看護学校として利用されてきた築40年の校舎をリノヴェーション、学生たちにとって心地よく過ごせる居場所となり、交流や協働を通して創造的な関係性が生まれる場所を目指し、計画を進めた。
学生ラウンジ、ラーニングコモンズ、ボランティアセンター、防災施設、イベントホールの各機能を5層のフロアに配置。中廊下の両脇に教室が整然と並ぶ旧来型の講義棟に対し、不要な要素を削っていく方針で改修。骨格が露わになったラフな空間の中に、古い書架や什器、黒板の撤去跡などかつての記憶が散りばめられることで、新鮮な視点でこの場所の時間が感じられる空間とした。
学生ラウンジ KIUB cafeは本施設の中心であり、学生たちの主たる居場所となるフロア。
間仕切りを解体してできた500㎡のワンルーム中央に、シェアキッチンや映像ライブラリー等、様々な機能を集約したセンターコアを配置。外周にソファラウンジ・カフェ・ライブラリー・学生組織のワークスペースを緩やかにゾーニングした。各機能がシームレスに連続しながら、どこからでもセンターコアに集う学生たちの動きが感じられる構成となっている。
センターコアはシェアキッチンとして自由に利用できる調理設備を備えるほか、交流会や学祭、経営学部の模擬店授業など、カフェイベント時に中心的な場となるよう、様々な角度からサービスが可能なものとしてデザインした。学生たちが主体的に場をつくり、アクティビティが生まれる。

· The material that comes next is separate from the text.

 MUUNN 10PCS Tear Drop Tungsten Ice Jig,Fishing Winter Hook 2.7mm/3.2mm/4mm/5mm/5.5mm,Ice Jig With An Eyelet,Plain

ソファ席や窓際のカウンター席、ビッグテーブル等、ゾーンの性格に合わせてデザインした製作家具を多用し、視点の変化と過ごし方のヴァリエーションを用意した。
ベンチ席背面のアートパネルは組替え可能なグリッドパネルとし、今後学生の制作物が織り込まれていくことで、時代を刻印しながら進化していくモニュメントとなる。
レストルームは背面がパウダースペースとして機能するアイランド型の洗面カウンターや、複数のヴァリエーションを設けた個室ブース等、空間的な構成を工夫し、明るく快適な場所とした。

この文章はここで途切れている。